2023-02-24 Thread Alan Zhang
Hi Robert,

Thanks for your confirmation that Fn API is already ready for supporting
the MultimapUserState use cases, really appreciate it! And totally agree
that how to integrate it depends on the runner's implementation.

A follow-up question:

   - is there any runner that already implemented these Multimap protocols?
  - I didn't find a runner(e.g. Dataflow Flink, Spark, and Samza)
  defined handlers(codes like [1]) for handling Multimap state
requests, so I
  think the answer is NO. But I wanted to double confirm with you.
  - Having this question just wanted to know: 1) if the existing Fn
  APIs for MultimapUserState are already used in production 2) if we can
  build/abstract some generic layers(like what Beam did in
  StateRequestHandlers now) to benefit other runners

Have a good weekend!

On Fri, Feb 24, 2023 at 1:18 PM Robert Burke  wrote:

> The runners should be able to support Multimap User State portably over
> the FnApi already.
>
>
> https://github.com/apache/beam/blob/master/model/fn-execution/src/main/proto/org/apache/beam/model/fn_execution/v1/beam_fn_api.proto#L937
>
> How that's supported on each SDK is a different matter though.
>
>
> On Fri, Feb 24, 2023, 12:57 PM Alan Zhang  wrote:
>
>> Appreciate it if anyone can help confirm and share thoughts.
>>
>> On Wed, Feb 22, 2023 at 11:46 PM Alan Zhang  wrote:
>>
>>> Hi Beam devs.
>>>
>>> According to the Fn State API design doc[1], the state type
>>> MultimapUserState is intended for supporting MapState/SetState. And the
>>> implementation[2] for this state type is ready on the SDK harness side.
>>> Each runner will be responsible for integrating it if they want to leverage
>>> it.
>>>
>>> Today Beam uses StateRequestHandlers to define handler interfaces for
>>> other state types, e.g. MultimapSideInputHandler for
>>> MultimapSideInput, BagUserStateHandler for BagUserState, etc.[3] This is
>>> great since each runner can implement these handler interfaces then the Fn
>>> state API integration is done.
>>>
>>> In order to support MapState/SetState, I think we will need to provide
>>> a MultimapUserStateHandler interface in StateRequestHandlers and allow the
>>> runners to implement it.
>>>
>>> What do you think?
>>>
>>> Feel free to correct me if there is any incorrect understanding since
>>> I'm new to the Beam world.
>>>
>>> Btw, I saw Flink Python used MultimapSideInput to support MapState[4]
>>> but I think this is not recommended since MultimapUserState is available
>>> today. But please correct me if I'm wrong.
>>>
>>>
>>> [1] https://s.apache.org/beam-fn-state-api-and-bundle-processing
>>> 
>>> [2] https://github.com/apache/beam/pull/15238
>>> [3]
>>> https://github.com/apache/beam/blob/master/runners/java-fn-execution/src/main/java/org/apache/beam/runners/fnexecution/state/StateRequestHandlers.java#L192
>>> [4]
>>> https://cwiki.apache.org/confluence/display/FLINK/FLIP-153%3A+Support+state+access+in+Python+DataStream+API
>>> --
>>> Thanks,
>>> Alan
>>>
>>
>>
>> --
>> Thanks,
>> Alan
>>
>

-- 
Thanks,
Alan


Re: [DISCUSS] Provide MultimapUserStateHandler interface in StateRequestHandlers

2023-02-24 Thread Robert Burke
The runners should be able to support Multimap User State portably over the
FnApi already.

https://github.com/apache/beam/blob/master/model/fn-execution/src/main/proto/org/apache/beam/model/fn_execution/v1/beam_fn_api.proto#L937

How that's supported on each SDK is a different matter though.
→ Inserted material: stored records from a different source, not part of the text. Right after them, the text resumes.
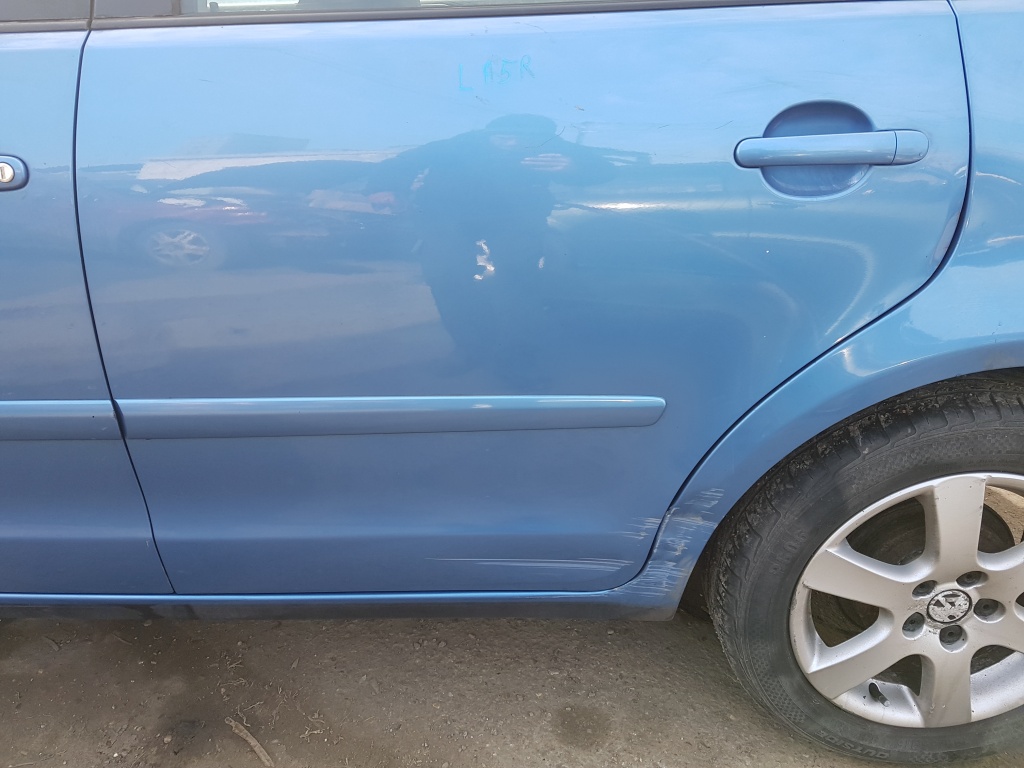 Usa / Portiera Stanga Spate VW Polo 9N3 2002 - 2009 Cod Culoare LA5R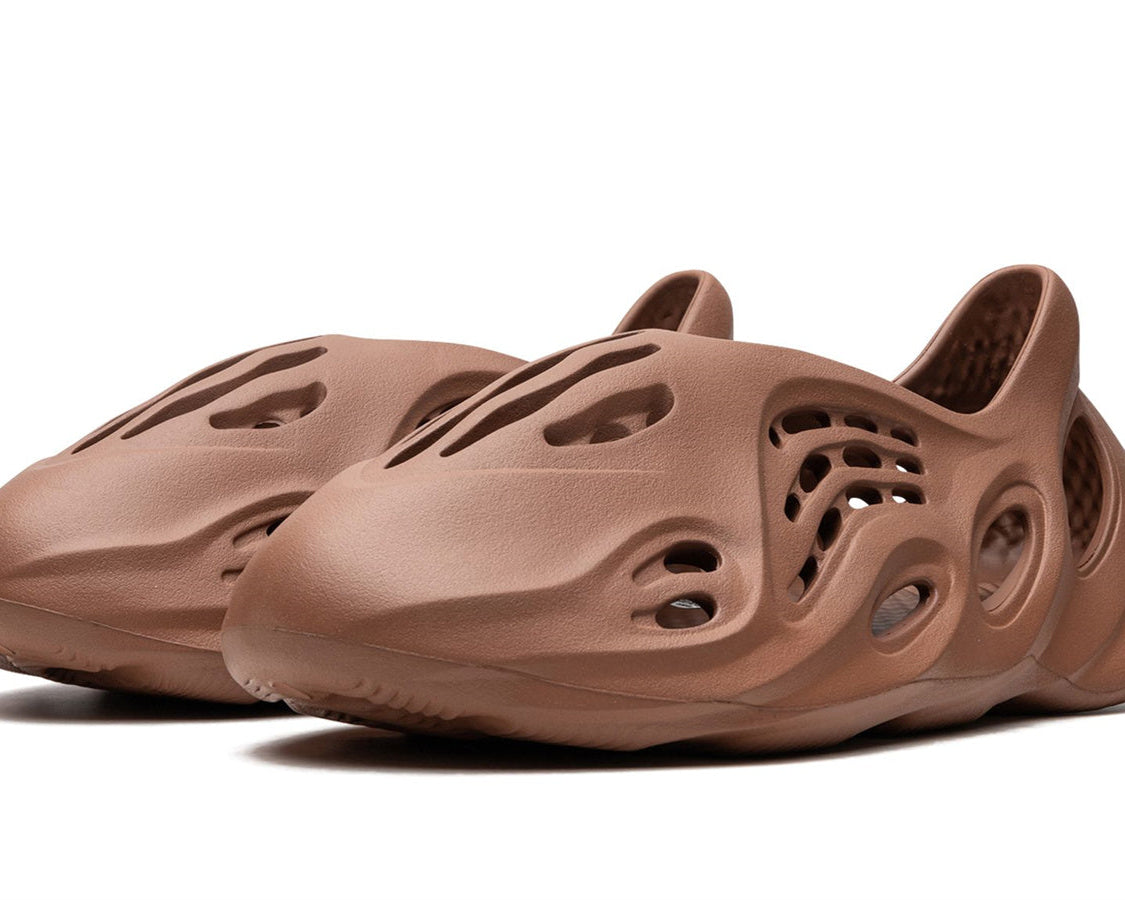 YEEZY FOAM RUNNER "Flax" sneaker product image 2 | Foot Spikes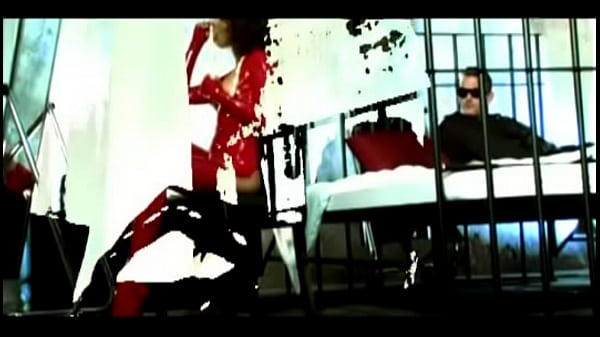 Laura picasso gets double penetrated with a toy and a dick 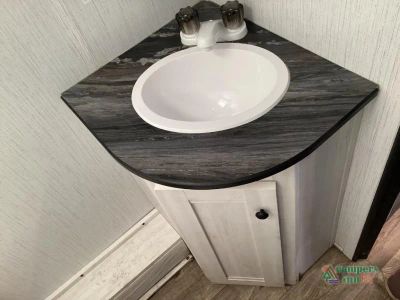2022 Heartland Trail Runner — photo 25 view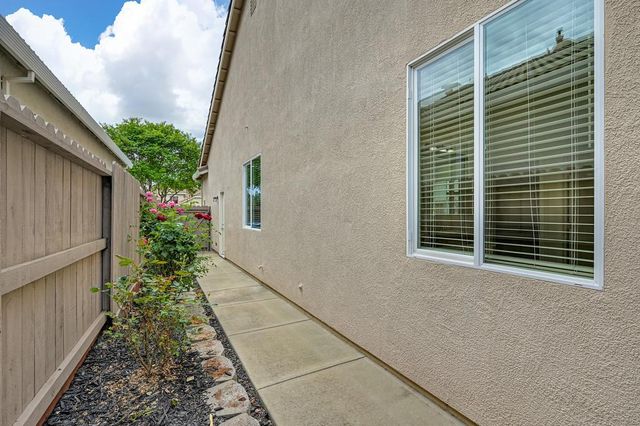 9025 Fallsmont Dr, El Dorado Hills, CA 95762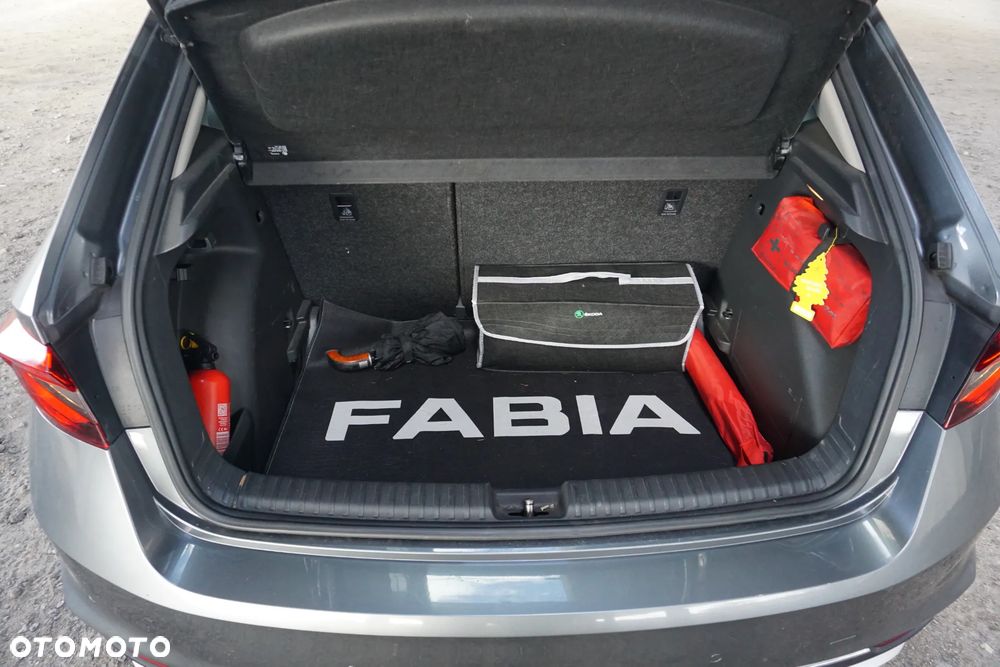 Skoda Fabia 1.0 Ambition - 11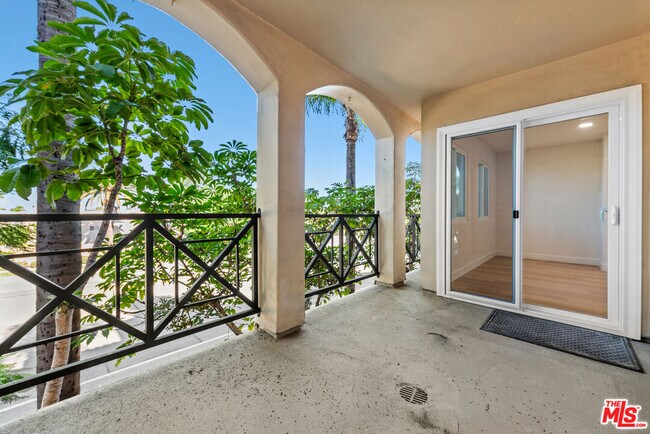 Building Photo - 5500 Torrance Blvd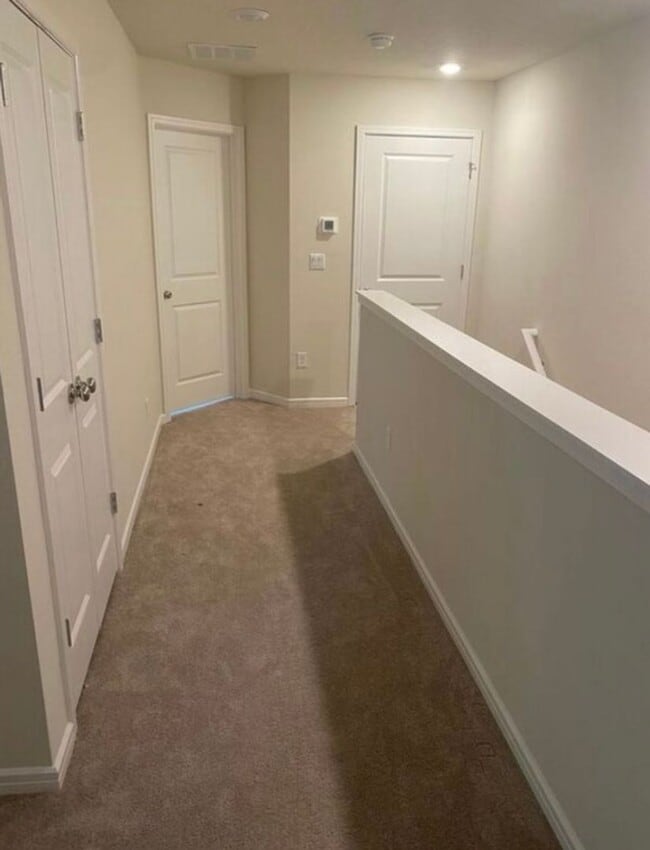 Building Photo - Isles of Lake Nona!! 3 Bedroom 2.5 Bathroom Townhome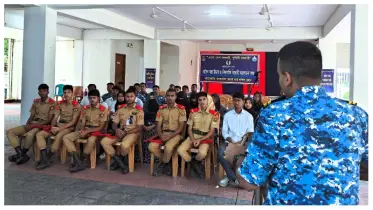 ভোলায় কোস্ট গার্ডের উদ্যোগ “তারুণ্যের উৎসব” শীর্ষক অপরাধমূলক কর্মকাণ্ড বিরোধী আলোচনা ও জনসচেতনতামূলক কার্যক্রম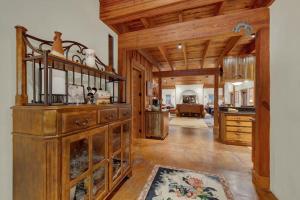 The Willows Retreat - Sleeps 17, Hot-Tubs, Close to Main Street!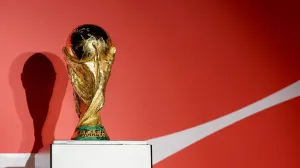 The FIFA World Cup 2026 trophy is displayed during a ceremony marking the trophy's world tour at the Corferias convention center, in Bogota, Colombia February 15, 2026. REUTERS/Luisa Gonzalez/Foto: Luisa Gonzalez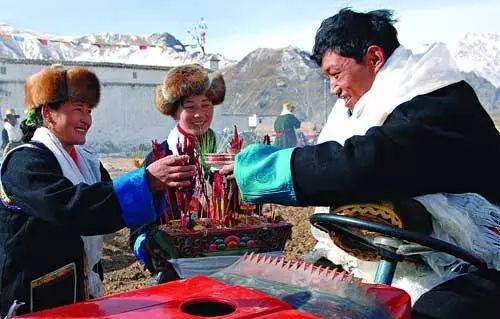 丁香医生：一喝酒就脸红的人，能锻炼出酒量吗？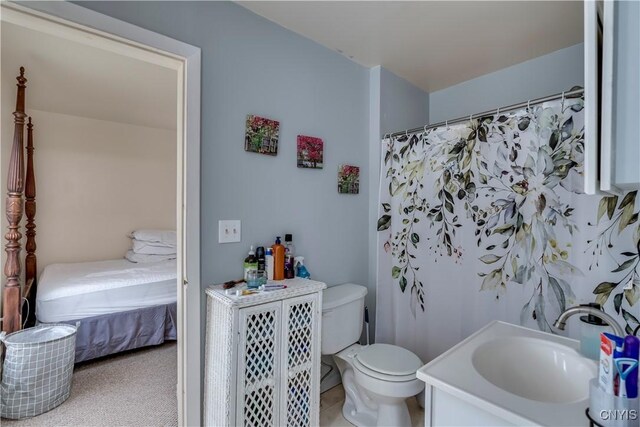 ensuite bathroom featuring ensuite bath, vanity, and toilet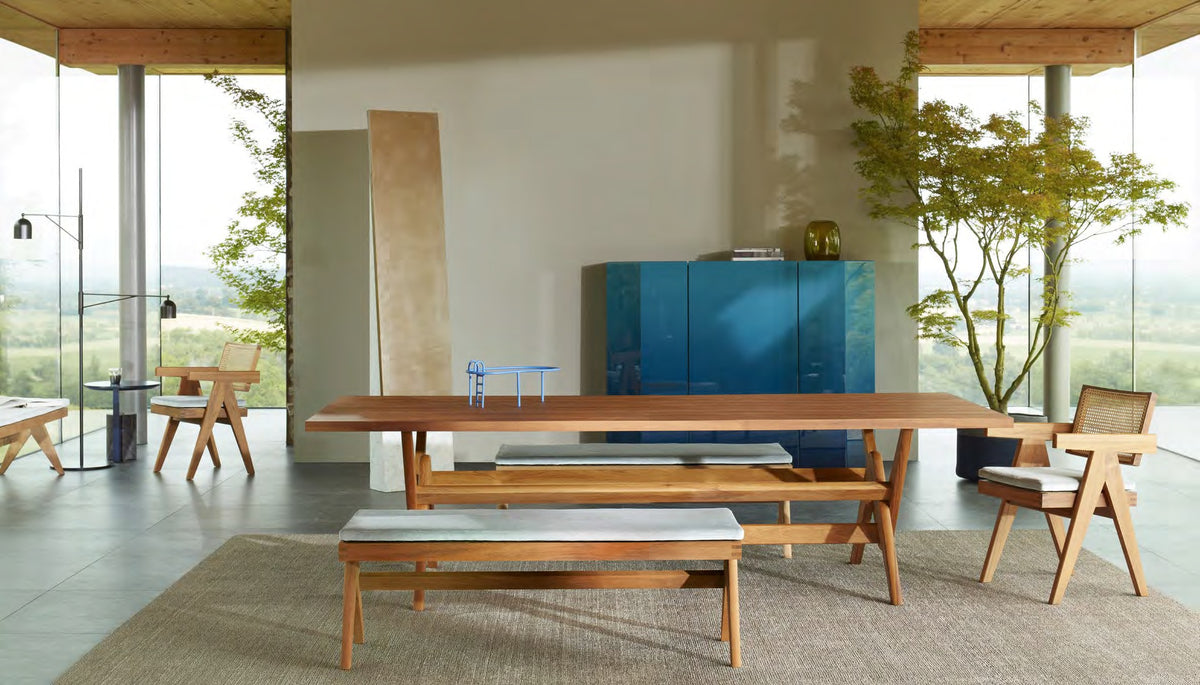 Banc 057 Civil Bench de Pierre Jeanneret - Cassina-ambiance catalogue Cassina 2026-The Woods Gallery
On Fri, Feb 24, 2023, 12:57 PM Alan Zhang  wrote:

> Appreciate it if anyone can help confirm and share thoughts.
>
> On Wed, Feb 22, 2023 at 11:46 PM Alan Zhang  wrote:
>
>> Hi Beam devs.
>>
>> According to the Fn State API design doc[1], the state type
>> MultimapUserState is intended for supporting MapState/SetState. And the
>> implementation[2] for this state type is ready on the SDK harness side.
>> Each runner will be responsible for integrating it if they want to leverage
>> it.
>>
>> Today Beam uses StateRequestHandlers to define handler interfaces for
>> other state types, e.g. MultimapSideInputHandler for
>> MultimapSideInput, BagUserStateHandler for BagUserState, etc.[3] This is
>> great since each runner can implement these handler interfaces then the Fn
>> state API integration is done.
>>
>> In order to support MapState/SetState, I think we will need to provide
>> a MultimapUserStateHandler interface in StateRequestHandlers and allow the
>> runners to implement it.
>>
>> What do you think?
>>
>> Feel free to correct me if there is any incorrect understanding since I'm
>> new to the Beam world.
>>
>> Btw, I saw Flink Python used MultimapSideInput to support MapState[4] but
>> I think this is not recommended since MultimapUserState is available today.
>> But please correct me if I'm wrong.
>>
>>
>> [1] https://s.apache.org/beam-fn-state-api-and-bundle-processing
>> 
>> [2] https://github.com/apache/beam/pull/15238
>> [3]
>> https://github.com/apache/beam/blob/master/runners/java-fn-execution/src/main/java/org/apache/beam/runners/fnexecution/state/StateRequestHandlers.java#L192
>> [4]
>> https://cwiki.apache.org/confluence/display/FLINK/FLIP-153%3A+Support+state+access+in+Python+DataStream+API
>> --
>> Thanks,
>> Alan
>>
>
>
> --
> Thanks,
> Alan
>


Re: [DISCUSS] Provide MultimapUserStateHandler interface in StateRequestHandlers

2023-02-24 Thread Alan Zhang
Appreciate it if anyone can help confirm and share thoughts.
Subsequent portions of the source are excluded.